Start of DATA EXCERPT
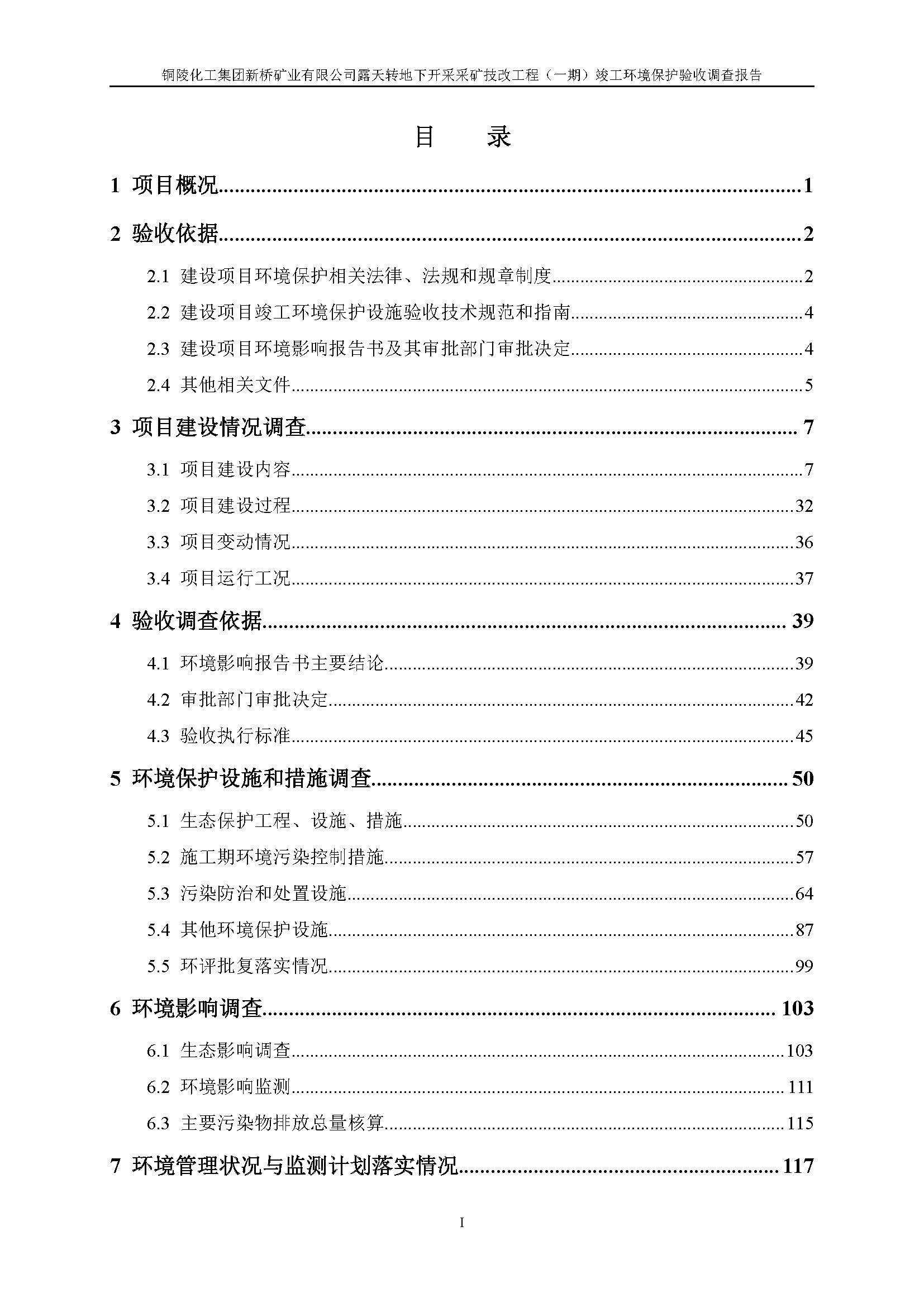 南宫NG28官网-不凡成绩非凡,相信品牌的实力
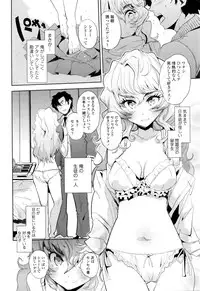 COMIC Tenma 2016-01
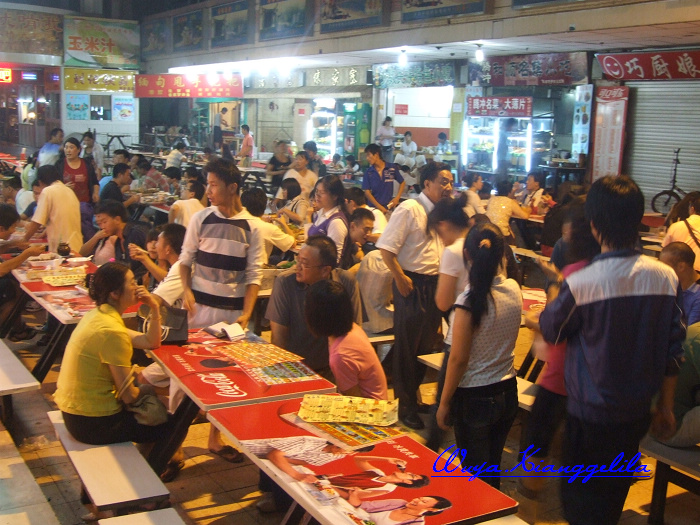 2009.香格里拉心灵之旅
End of DATA EXCERPT
**TASK REQUIREMENTS:**
Any picture found in the data is to be skipped while the rest is copied exactly.

**WRITTEN RESPONSE:**
 南宫NG28官网-不凡成绩非凡,相信品牌的实力
 COMIC Tenma 2016-01
 2009.香格里拉心灵之旅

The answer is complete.